(Problem to solve)
Which lines in the records below hold the word "with"? Copy each of them.

[Records from a dataset]
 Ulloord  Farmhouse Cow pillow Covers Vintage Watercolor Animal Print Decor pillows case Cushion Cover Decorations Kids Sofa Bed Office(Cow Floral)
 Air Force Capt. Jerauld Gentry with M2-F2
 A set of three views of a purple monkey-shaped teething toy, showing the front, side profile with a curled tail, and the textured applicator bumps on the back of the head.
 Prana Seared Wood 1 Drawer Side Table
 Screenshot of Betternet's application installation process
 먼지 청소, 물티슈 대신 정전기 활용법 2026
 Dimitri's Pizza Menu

(Task solution)
 Air Force Capt. Jerauld Gentry with M2-F2
 A set of three views of a purple monkey-shaped teething toy, showing the front, side profile with a curled tail, and the textured applicator bumps on the back of the head.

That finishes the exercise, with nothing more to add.